Xutao Li received the PhD degree in Electronics Engineering from Huazhong University of Science and Technology, in 2006. From 2006 to 2008, he was a postdoctoral fellow of South China University of technology. Since 2013, he has been a professor with the Department of Electronic Engineering, Shantou University. He has authored or coauthored more than 20 papers published in refereed journals. His research interests include Array Signal Processing, Radar Systems, Computer Vision and nonlinear presentation to signals. Dr. Li is a member of IEEE.

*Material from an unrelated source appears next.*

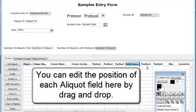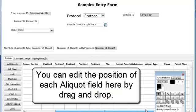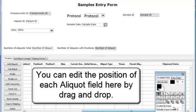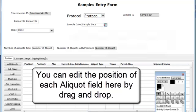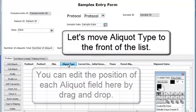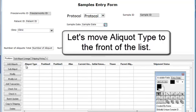You can edit the position of each aliquot field here by drag and drop. Let's move aliquot type to the front of the list.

Changxing Ding received the PhD degree from the University of Technology Sydney, Australia, in 2016. He is now with the School of Electronic and Information Engineering, South China University of Technology. His research interests include computer vision and deep learning. He has published about 20 papers in refereed journals and proceedings including IEEE T-PAMI, IEEE T-IP,T-MM etc.
Jianxing Liu received the BS degree in mechanical engineering in 2008, the ME degree in control science and engineering in 2010, both from Harbin Institute of Technology, Harbin, China and the PhD degree in Automation from the Technical University of Belfort-Montbeliard (UTBM), France, in 2014. Since 2014, he joined Harbin Institute of Technology, China, as an Assistant Professor, and was then promoted to an Associate Professor in 2017. His current research interests include nonlinear control algorithms, sliding mode control, fuel cell systems, hybrid electric or fuel cell vehicles, control of power electronics and converters, wind-driven generator systems, energy management for micro-grids, nonlinear control and observation methods, and their applications in industrial electronics systems and renewable energy systems.
Ligang Wu received the BS degree in Automation from Harbin University of Science and Technology, China in 2001; the M.E. degree in Navigation Guidance and Control from Harbin Institute of Technology, China in 2003; the PhD degree in Control Theory and Control Engineering from Harbin Institute of Technology, China in 2006. From January 2006 to April 2007, he was a Research Associate in the Department of Mechanical Engineering, The University of Hong Kong, Hong Kong. From September 2007 to June 2008, he was a Senior Research Associate in the Department of Mathematics, City University of Hong Kong, Hong Kong. From December 2012 to December 2013, he was a Research Associate in the Department of Electrical and Electronic Engineering, Imperial College London, London, UK. In 2008, he joined the Harbin Institute of Technology, China, as an Associate Professor, and was then promoted to a Full Professor in 2012. Dr. Wu was the winner of the National Science Fund for Distinguished Young Scholars in 2015, and received China Young Five Four Medal in 2016. He was named as the Distinguished Professor of Chang Jiang Scholar in 2017, and was named as the Highly Cited Researcher in 2015, 2016, 2017 and 2018. Dr. Wu currently serves as an Associate Editor for a number of journals, including IEEE Transactions on Automatic Control, IEEE/ASME Transactions on Mechatronics, Information Sciences, Signal Processing, and IET Control Theory and Applications. He is also an Associate Editor for the Conference Editorial Board, IEEE Control Systems Society. Dr. Wu has published 6 research monographs and more than 150 research papers in international referred journals. His current research interests include switched systems, stochastic systems, computational and intelligent systems, sliding mode control, and advanced control techniques for power electronic systems.